The University of Mary Washington Student Newspaper

Melchers' Belmont Hosts Free Open House

3 min read

The Gari Melchers Home and Studio in Falmouth held a free open house to celebrate the artist’s life, his works and the arrival of spring. According to Belmont Curator Joanna Catron over 300 people attended the event on Sunday, April 15.

Though numbers were high on the day of the free open house, Belmont struggles for big turnouts during other times of the year, according to Catron.

“We have this open house to show people the great treasure that we have,” said Catron. “Nobody has ever had a bad day when they come to an open house.”

The 26-acre estate is open to the public and guests can explore the house, studio, galleries, gardens and trails. An eclectic array of 1,677 pieces of Melchers’ work can be found at his home and studios at Belmont according to the Gari Melchers Home and Studio website.

Melchers was an early twentieth-century painter who studied under many artists such as Jules Lefebvre and Gustave Boulanger.

As a naturalist painter, Melchers often depicted the working class in everyday life. He favored painting local figures and buildings, but focused his attention on biblical and spiritual themes toward the end of his career.

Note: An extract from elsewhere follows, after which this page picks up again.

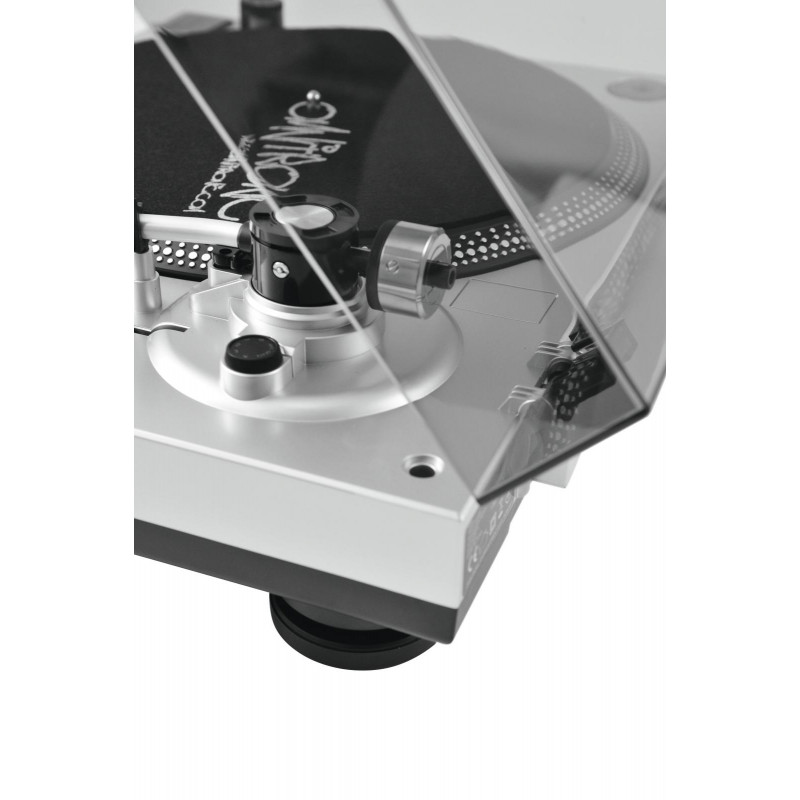 Turntable USB Omnitronic BD-1380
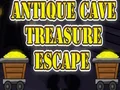 Laro Antique Cave Treasure Escape online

Melchers became one of the leading American portrait painters of his time, and painted Theodore Roosevelt, Mellon and Vanderbilt. He also experimented with nudism in his pieces, including the painting, “Young Woman at Her Toilet.”

“My favorite painting changes all the time,” said Cathy Stiks, a 2006 University of Mary Washington alumni who majored in studio art.

According to their website, Melchers and his wife Corinne bought the Georgian-style Belmont Estate as their country retreat.

The main part of the home was built in the 1790s and Melchers bought the house in 1916, restoring it to its modern state.

“The land, location and view are my favorite part of the tour so far,” said Isabel Madrid, a resident of Fredericksburg for eight years. Madrid, like many other guests, was a first-time visitor of the property at the event.

UMW, which now administers the estate and its programs, officially opened the property for visitation in 1975.

“Gari Melchers didn’t live a scandalous life. He lived quietly as a painter, so he’s been forgotten. But his art is starting to spark interest again,” said De’Onne Scott, a guide at the estate.

According to Scott, one Gari Melchers painting sold for nearly $1 million.

“Melchers never cut off his ear, but he was a natural when it came to painting,” said Scott.

The house and grounds are packed with original paintings, pottery, furniture, dishes and rugs. Even Corinne Melchers’ reading glasses remain in the house.

“It’s such an unusual site. It looks as if they [the Melchers] just walked out on day and never came back,” said Catron.

Catron emphasizes her desire to make Belmont a bigger attraction for locals and tourists.

“It’s a very unique property that we wish more people would come see,” said Catron.

The Gari Melchers home and studio also offers art classes for children ages (6-12) and ages (2-5). The home is also used for summer camps and field trips. Art workshops are also available for adults.

Belmont is open to the public every day, except on Wednesdays, from 10 a.m. to 5 p.m. General admission is $10, but free for UMW students and staff.